THE PROBLEM | Repeat exactly, and only, the lines of the entries below from the one with "Men's Solid Color" through the one with "2100 Greenwood St, Evanston, IL", both ends included.
*** Opening of DATA EXTRACT ***
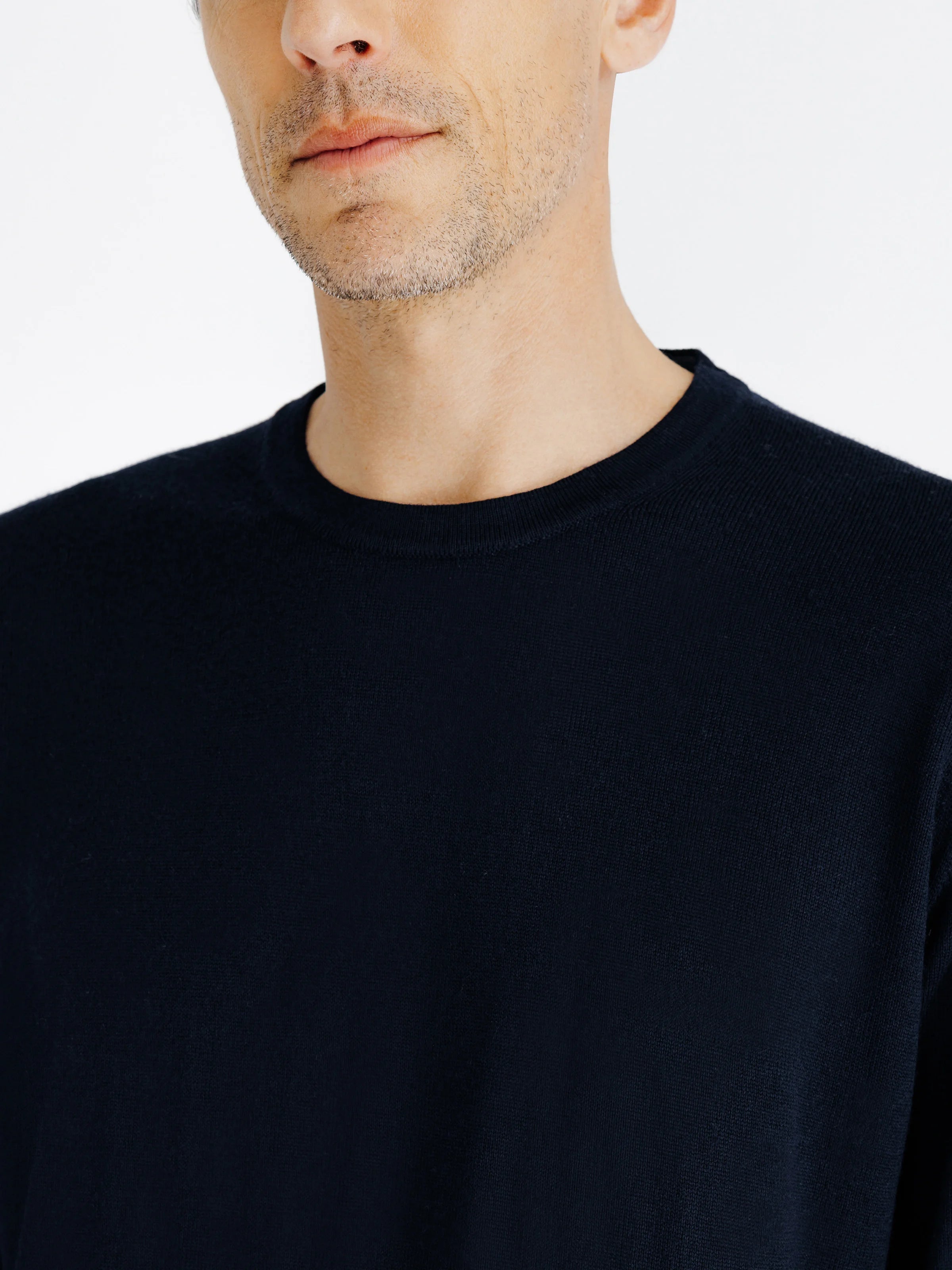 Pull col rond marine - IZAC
*** Close of DATA EXTRACT ***
*** Opening of DATA EXTRACT ***
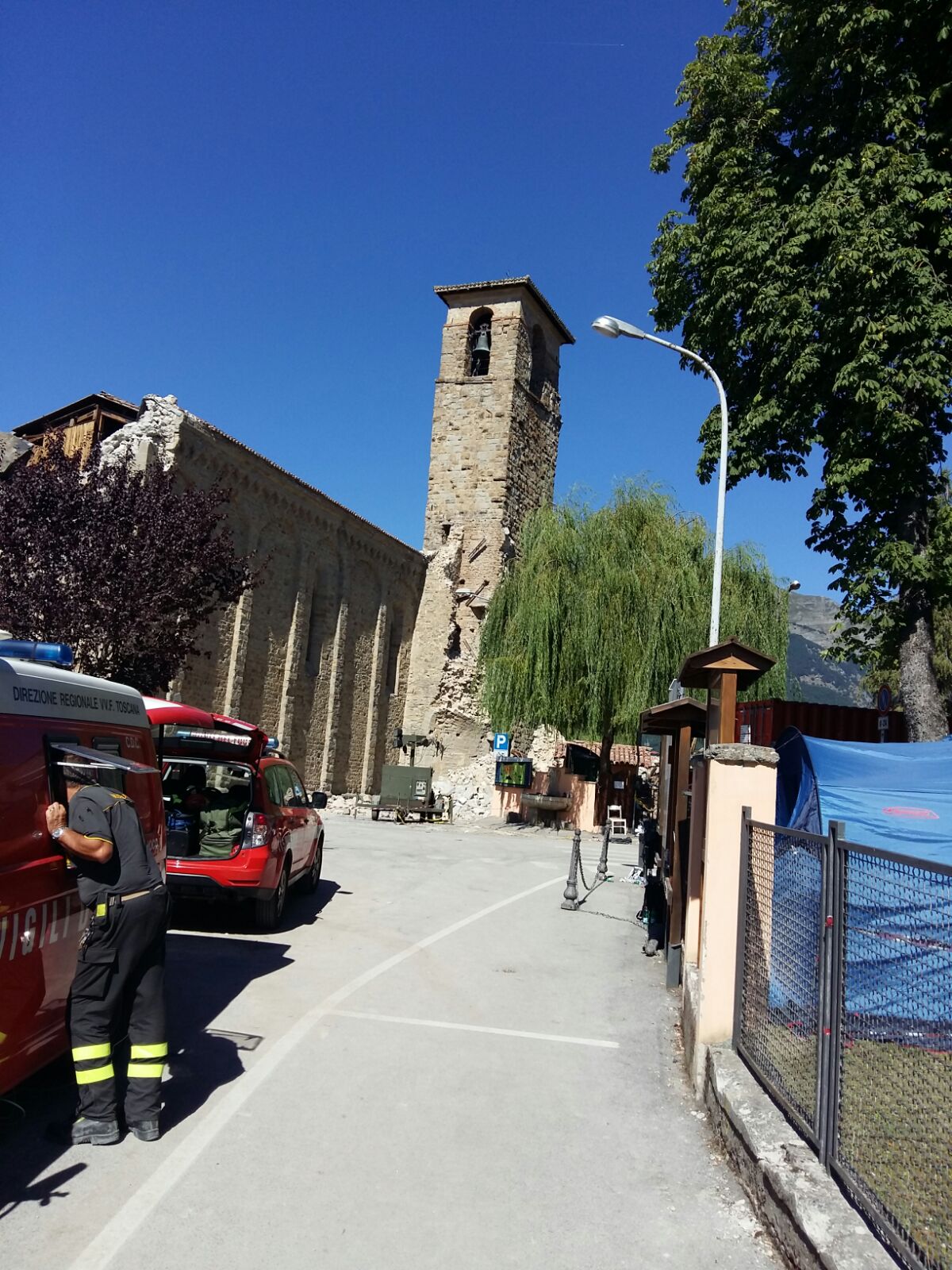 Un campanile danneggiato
*** Close of DATA EXTRACT ***
*** Opening of DATA EXTRACT ***
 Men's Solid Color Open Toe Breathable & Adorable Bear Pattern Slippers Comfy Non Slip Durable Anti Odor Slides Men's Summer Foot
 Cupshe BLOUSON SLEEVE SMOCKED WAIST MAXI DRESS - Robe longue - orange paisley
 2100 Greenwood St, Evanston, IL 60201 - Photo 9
*** Close of DATA EXTRACT ***
OUTPUT OF THE EXERCISE |
 Men's Solid Color Open Toe Breathable & Adorable Bear Pattern Slippers Comfy Non Slip Durable Anti Odor Slides Men's Summer Foot
 Cupshe BLOUSON SLEEVE SMOCKED WAIST MAXI DRESS - Robe longue - orange paisley
 2100 Greenwood St, Evanston, IL 60201 - Photo 9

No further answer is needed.